== EXERCISE DATA ==
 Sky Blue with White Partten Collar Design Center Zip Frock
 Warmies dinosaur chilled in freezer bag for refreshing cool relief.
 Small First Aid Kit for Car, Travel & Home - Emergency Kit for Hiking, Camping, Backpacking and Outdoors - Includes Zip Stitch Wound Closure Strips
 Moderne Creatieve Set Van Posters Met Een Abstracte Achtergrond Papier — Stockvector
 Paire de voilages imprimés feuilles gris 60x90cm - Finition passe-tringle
...
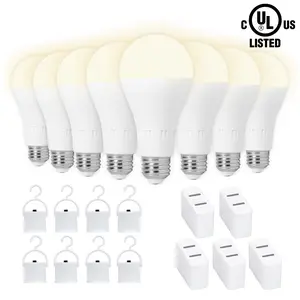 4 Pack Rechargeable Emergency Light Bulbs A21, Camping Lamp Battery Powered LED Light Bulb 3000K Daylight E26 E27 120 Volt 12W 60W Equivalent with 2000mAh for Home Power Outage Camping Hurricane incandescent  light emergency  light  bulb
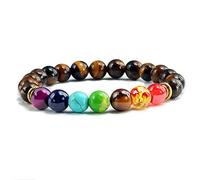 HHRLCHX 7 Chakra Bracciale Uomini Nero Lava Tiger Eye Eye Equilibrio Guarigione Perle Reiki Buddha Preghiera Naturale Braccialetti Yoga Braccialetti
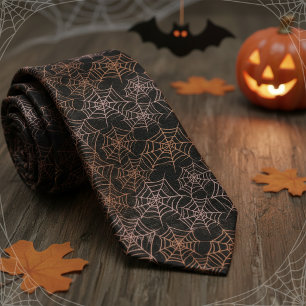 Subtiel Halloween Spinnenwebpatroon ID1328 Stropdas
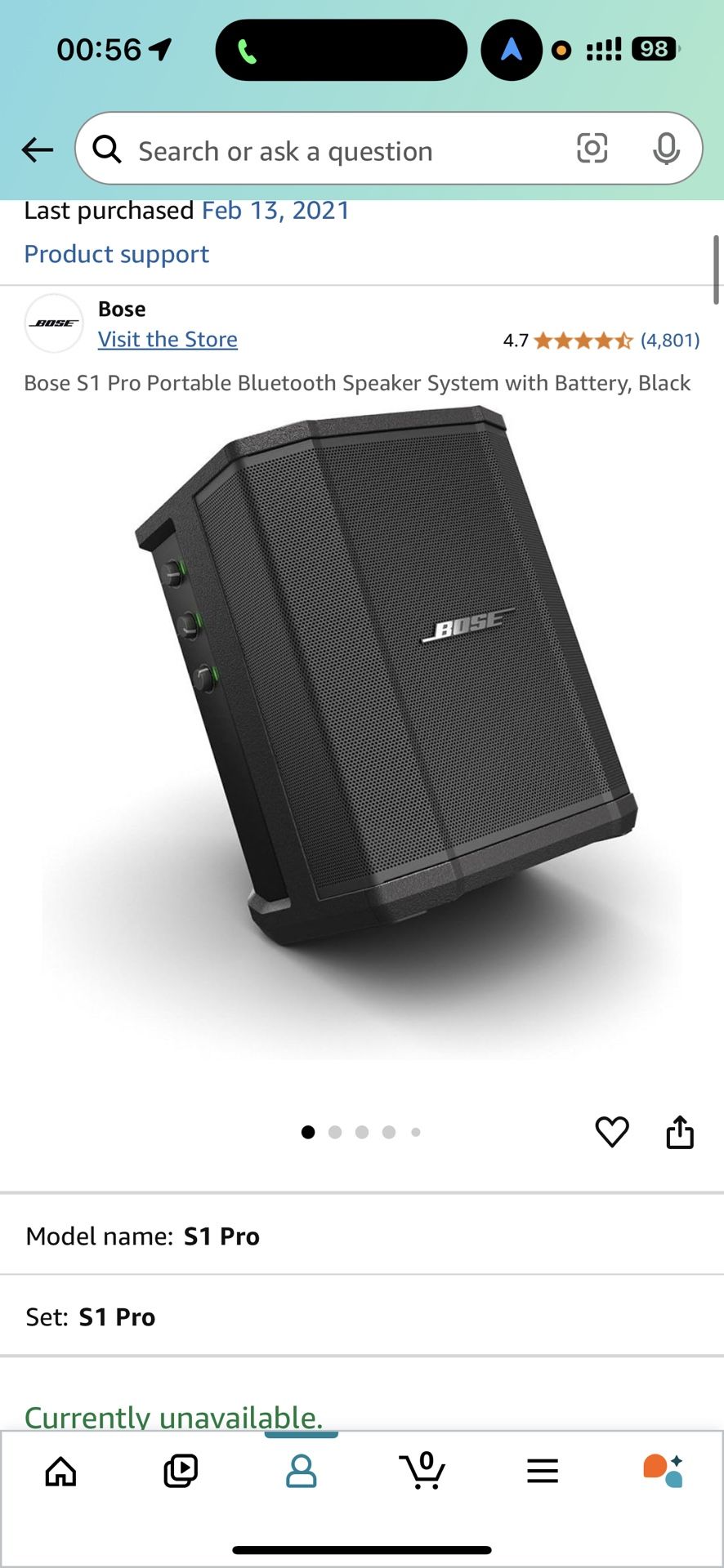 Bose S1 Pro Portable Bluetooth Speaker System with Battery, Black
---
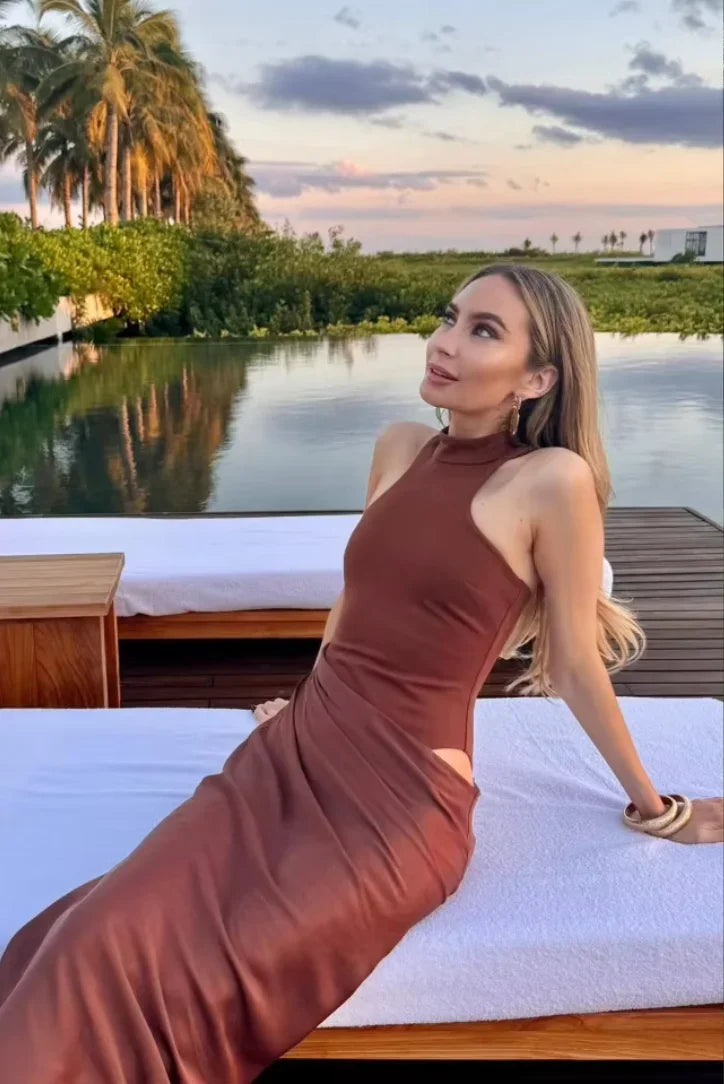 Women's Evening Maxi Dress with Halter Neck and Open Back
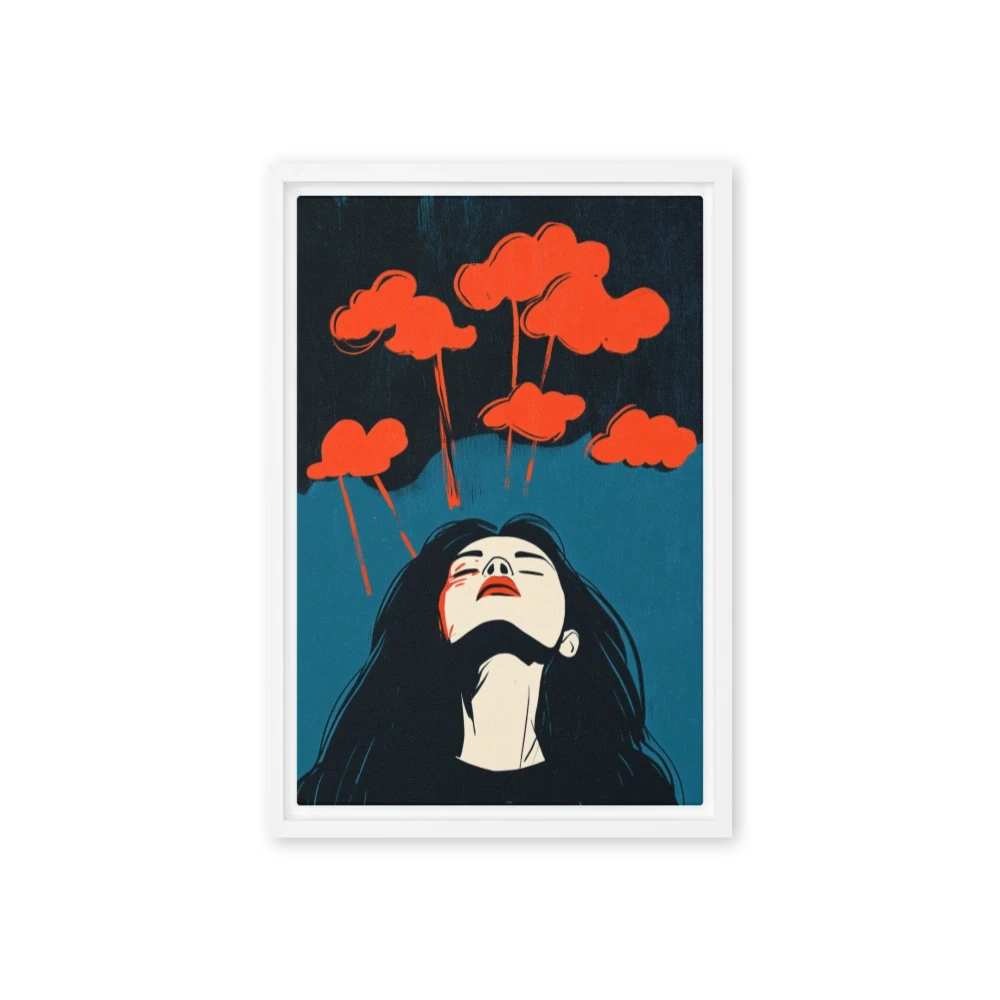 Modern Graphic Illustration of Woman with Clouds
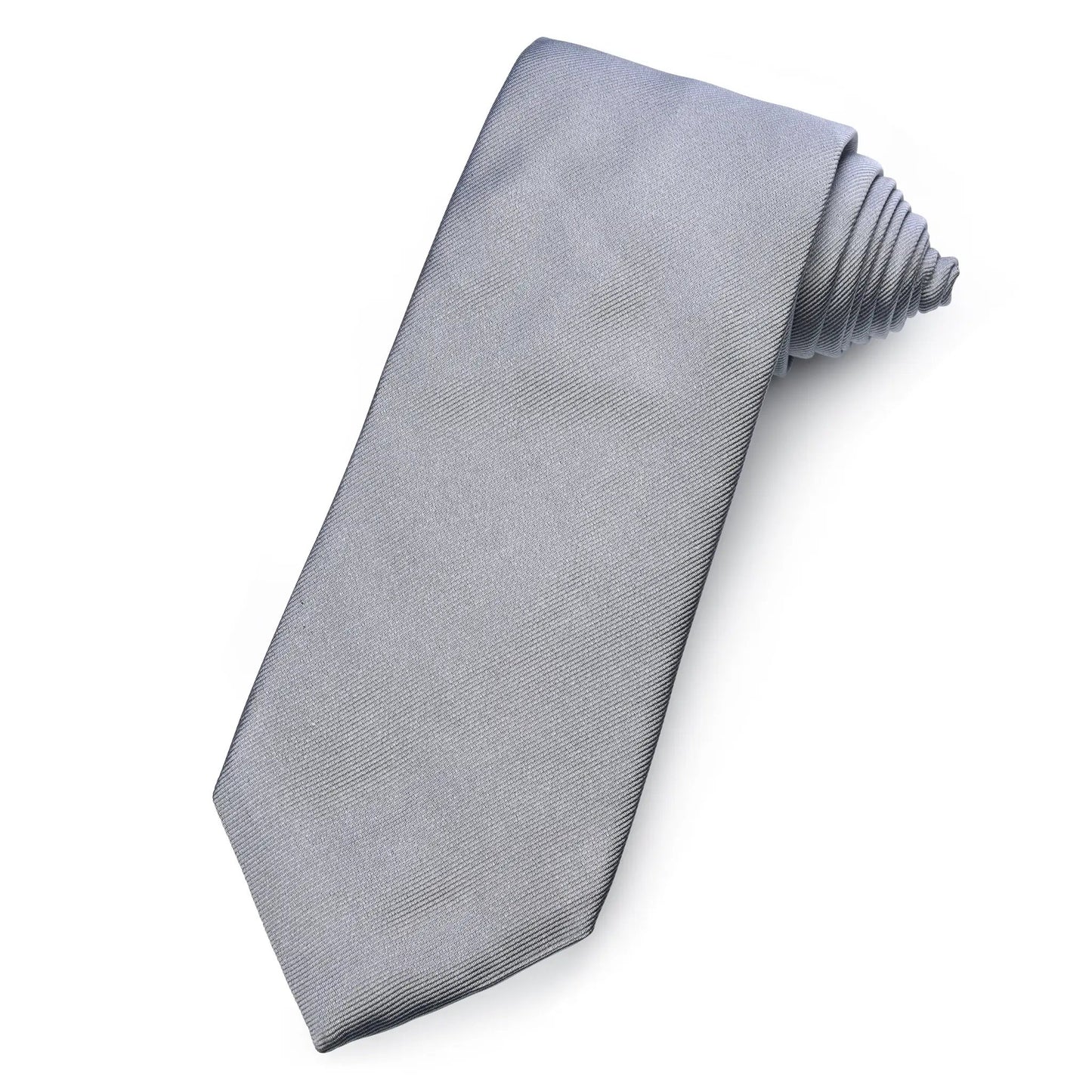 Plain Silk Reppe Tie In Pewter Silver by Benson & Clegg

== ASSIGNED TASK ==
Keep both end lines and retype everything in the records above from the line containing "Sky Blue with" through the line containing "Paire de voilages", exactly, with nothing else.

== RESPONSE ==
 Sky Blue with White Partten Collar Design Center Zip Frock
 Warmies dinosaur chilled in freezer bag for refreshing cool relief.
 Small First Aid Kit for Car, Travel & Home - Emergency Kit for Hiking, Camping, Backpacking and Outdoors - Includes Zip Stitch Wound Closure Strips
 Moderne Creatieve Set Van Posters Met Een Abstracte Achtergrond Papier — Stockvector
 Paire de voilages imprimés feuilles gris 60x90cm - Finition passe-tringle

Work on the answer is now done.